■ **REQUIRED WORK**
Retype exactly the span of lines below from the one with "Dec 16, 2023;" through the one with "Firefighter killed in". Do not include pictures.
[PROVIDED DATA]
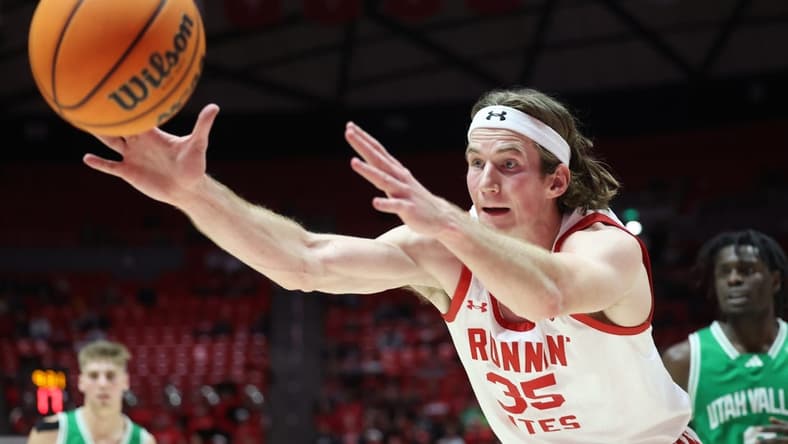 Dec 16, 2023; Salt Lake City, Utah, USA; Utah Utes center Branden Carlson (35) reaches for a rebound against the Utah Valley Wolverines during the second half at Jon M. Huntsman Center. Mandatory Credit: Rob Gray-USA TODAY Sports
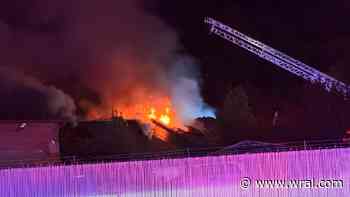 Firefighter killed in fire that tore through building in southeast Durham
[/PROVIDED DATA]
[PROVIDED DATA]
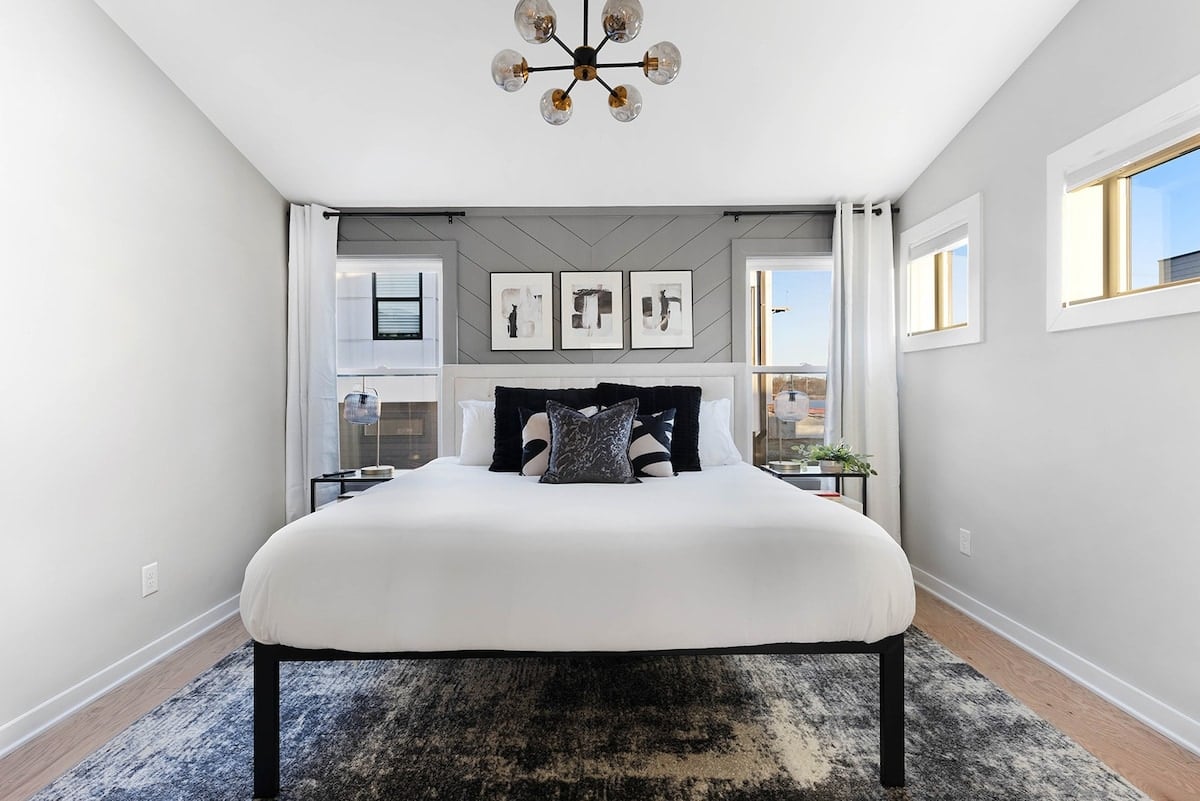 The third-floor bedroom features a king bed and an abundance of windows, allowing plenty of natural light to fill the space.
[/PROVIDED DATA]
■ **SOLVED PROBLEM**
 Dec 16, 2023; Salt Lake City, Utah, USA; Utah Utes center Branden Carlson (35) reaches for a rebound against the Utah Valley Wolverines during the second half at Jon M. Huntsman Center. Mandatory Credit: Rob Gray-USA TODAY Sports
 Firefighter killed in fire that tore through building in southeast Durham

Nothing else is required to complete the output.